*PROBLEM TO WORK ON*
Please make an exact copy of the lines from the one holding "It's going to give" through the end of the data, both ends included, with no pictures.

### RECORDS FOR THIS TASK ###

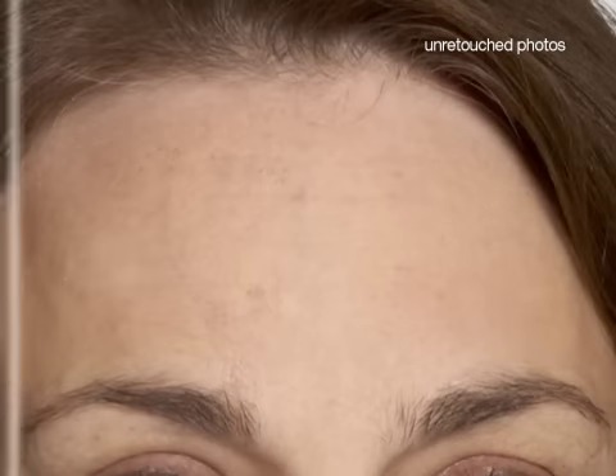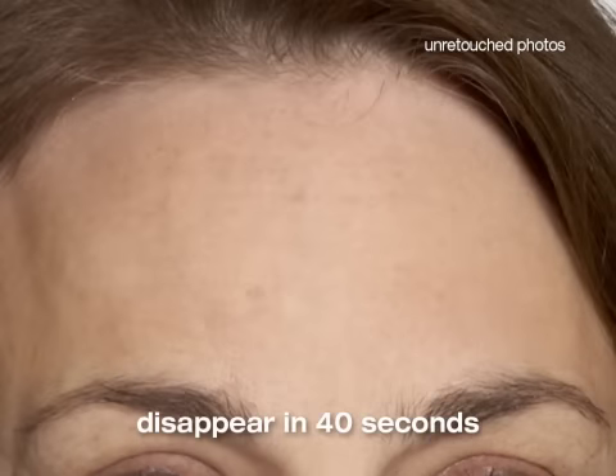See the shine, large pores, crow's feet, fine lines and wrinkles seemingly disappear in less than 40 seconds. Wow. My wrinkles are gone. But this is instant. You see it right away.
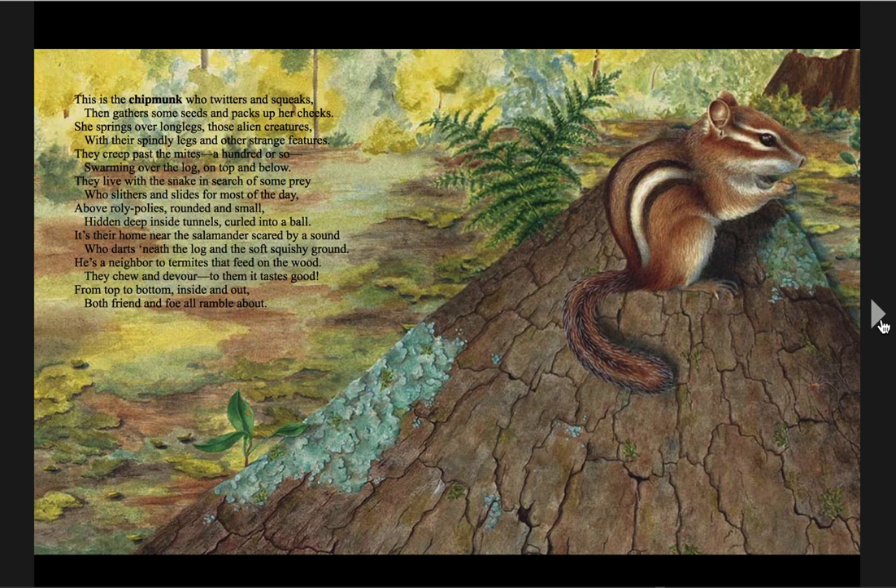This is the chipmunk, who twitters and squeaks, then gathers some seeds and she packs up her cheeks. She springs over long legs, those alien creatures, with their spindly legs and other strange features. They creep past the mites, a hundred or so, swarming over the log on top and below. They live with the snake in search of some prey, who slithers and slides for most of the... [Did you say day?] Above roly-polies, rounded and small, hidden deep inside tunnels, curled into a... [Did you say ball?] It's their home near the salamander, scared by a sound, who darts beneath the log in the soft, squishy ground. He is a neighbor to termites that feed on the wood — they chew and devour, to them it tastes... [Good!] From top to bottom, inside and out, both friend and foe all ramble about.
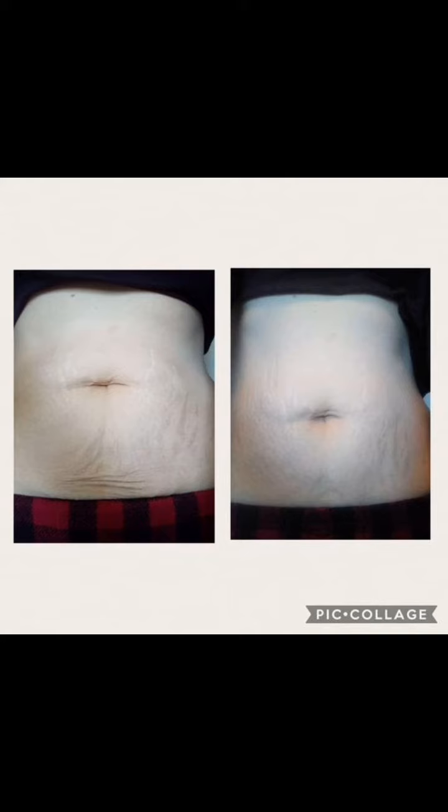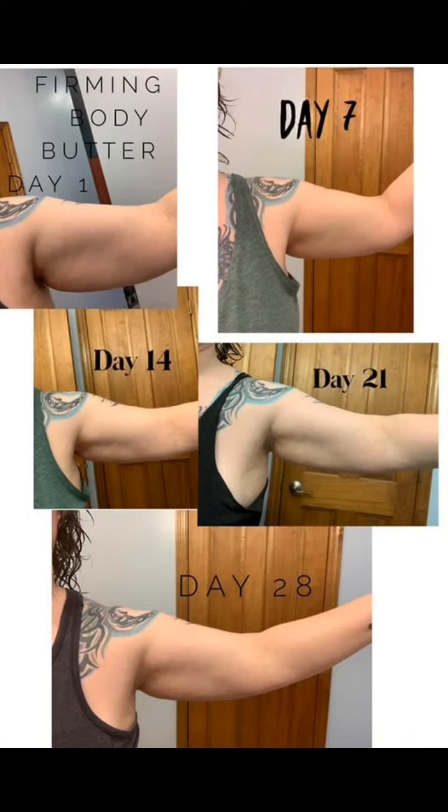It's going to give you the moisturizer you need, and it's going to help in those problem areas to tighten up that cellulite by bringing in circulation and reducing inflammation.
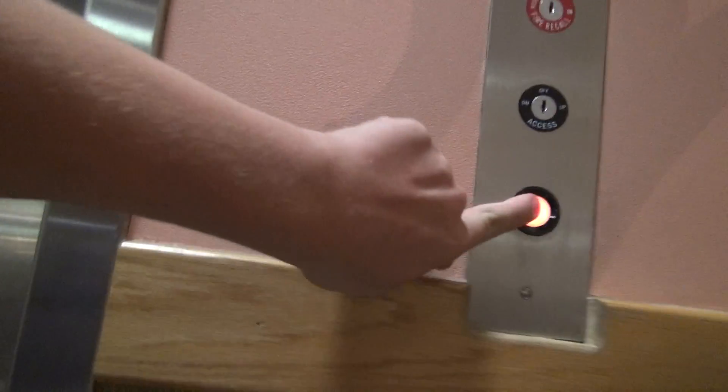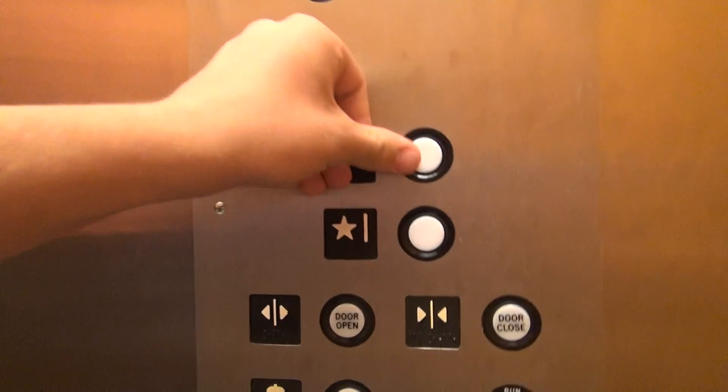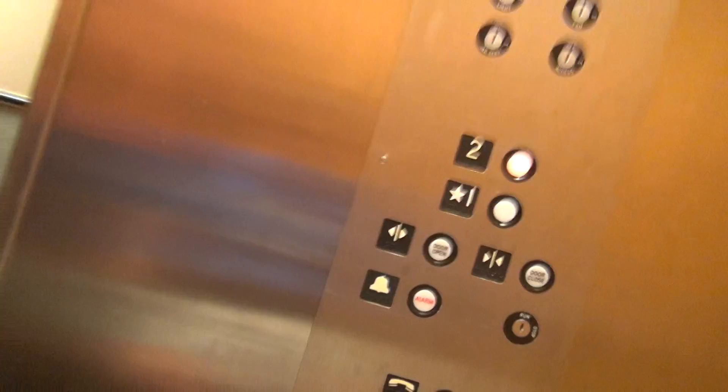This is the elevator here at Martin's, South Bend, Indiana. Roll up on the floor. It's a mid-stage elevator. It's a little stinky in here. Mid-stage elevator.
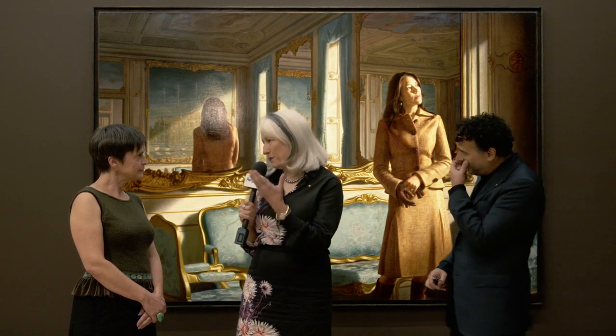Joanna Gilmour, the senior curator here at the National Portrait Gallery: a lot of what Ralph's just said goes straight to the essence of what portraiture is about, isn't it? It's not simply a representation — it's about telling a story.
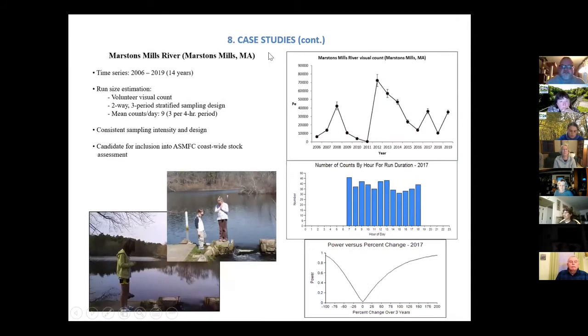The second case study is the Marstons Mills River on the Cape — a 14-year time series that unfortunately couldn't continue last year due to COVID. It's another volunteer visual count using a two-way, three-period stratified sampling design. They were having people show up each hour of the day, so for the most part each hour of the day is almost evenly represented, which is really what you want to see. The power analysis shows a nice steep curve — a high probability of detecting changes.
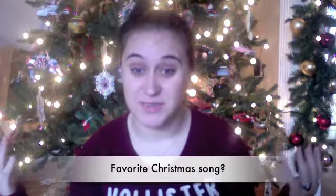Next is my favorite Christmas song. This was also hard because I am a music junkie. My first favorite is Angels We Have Heard on High by Andrea Bocelli, and my second favorite is Joy to the World by David Archuleta.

###

*WORKED SOLUTION*
It's going to give you the moisturizer you need, and it's going to help in those problem areas to tighten up that cellulite by bringing in circulation and reducing inflammation.
This is the elevator here at Martin's, South Bend, Indiana. Roll up on the floor. It's a mid-stage elevator. It's a little stinky in here. Mid-stage elevator.
Joanna Gilmour, the senior curator here at the National Portrait Gallery: a lot of what Ralph's just said goes straight to the essence of what portraiture is about, isn't it? It's not simply a representation — it's about telling a story.
The second case study is the Marstons Mills River on the Cape — a 14-year time series that unfortunately couldn't continue last year due to COVID. It's another volunteer visual count using a two-way, three-period stratified sampling design. They were having people show up each hour of the day, so for the most part each hour of the day is almost evenly represented, which is really what you want to see. The power analysis shows a nice steep curve — a high probability of detecting changes.
Next is my favorite Christmas song. This was also hard because I am a music junkie. My first favorite is Angels We Have Heard on High by Andrea Bocelli, and my second favorite is Joy to the World by David Archuleta.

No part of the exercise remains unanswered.